A Working Beach, Not a Postcard Beach

Thangassery Beach isn't the sort of beach you come to for swimming. The currents are strong, the rocks are jagged, and the sea here has a rougher temperament than its tourist-brochure cousins further south. But it tells you something real about the coast.

Walk along the shoreline and you'll pass sections of the old seawall, chunks of Portuguese fortification half-buried in sand, and small shrines where fishermen leave offerings before heading out. The fishing community here has worked these waters for generations, and the beach functions more as a workplace than a leisure space.

At dawn, boats return from the night's catch. The air smells of salt and diesel and fish. Women sort the catch on the sand while auctioneers shout prices in rapid Malayalam. It's loud, messy, and completely absorbing.

Getting There Without Overthinking It

Kollam is well connected by both rail and road. Kollam Junction railway station sits about 3 kilometres from the lighthouse, and any auto-rickshaw driver will know exactly where Thangassery Lighthouse is — just say "lighthouse" and they'll nod. From the town centre, the ride takes around ten minutes.

From Thiruvananthapuram, it's roughly a 70-kilometre drive north along the coastal highway. From Kochi, it's closer to 150 kilometres south. Kollam also sits at one end of the Kerala backwaters, so many travellers arrive here by the long, slow ferry from Alappuzha — an eight-hour journey that turns getting to the lighthouse into half the adventure.

The Practical Bits

The lighthouse opens to visitors in the afternoon, typically from around 3 pm to 5 pm, though these hours shift depending on the keeper's schedule and weather conditions. It's closed on Mondays. The entrance fee is modest — a small charge for Indian visitors, slightly higher for foreign travellers, with an additional fee if you want to bring a camera up the tower.

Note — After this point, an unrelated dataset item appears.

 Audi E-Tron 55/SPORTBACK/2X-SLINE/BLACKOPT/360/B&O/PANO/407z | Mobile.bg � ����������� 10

Wear shoes you can climb in. Bring water. If you're afraid of heights or tight spaces, know that the staircase is genuinely narrow, and the gallery at the top has only a waist-high railing between you and a long drop. It's safe. It's not sanitised.

Why It Lingers

Kerala has flashier attractions. The backwaters get the cover photos, the tea plantations draw the honeymooners, and the beaches of Varkala and Kovalam pull the crowds. Thangassery Lighthouse doesn't compete with any of them, and doesn't try. It's a working lighthouse on a rough stretch of coast, attached to a fishing town with a complicated history and a view that rewards anyone willing to climb 144 steps to see it. Come for an afternoon, stay for the sunset, and leave with something most Kerala itineraries don't include — the salt-stung, wind-blown feeling of having seen the coast as it actually is.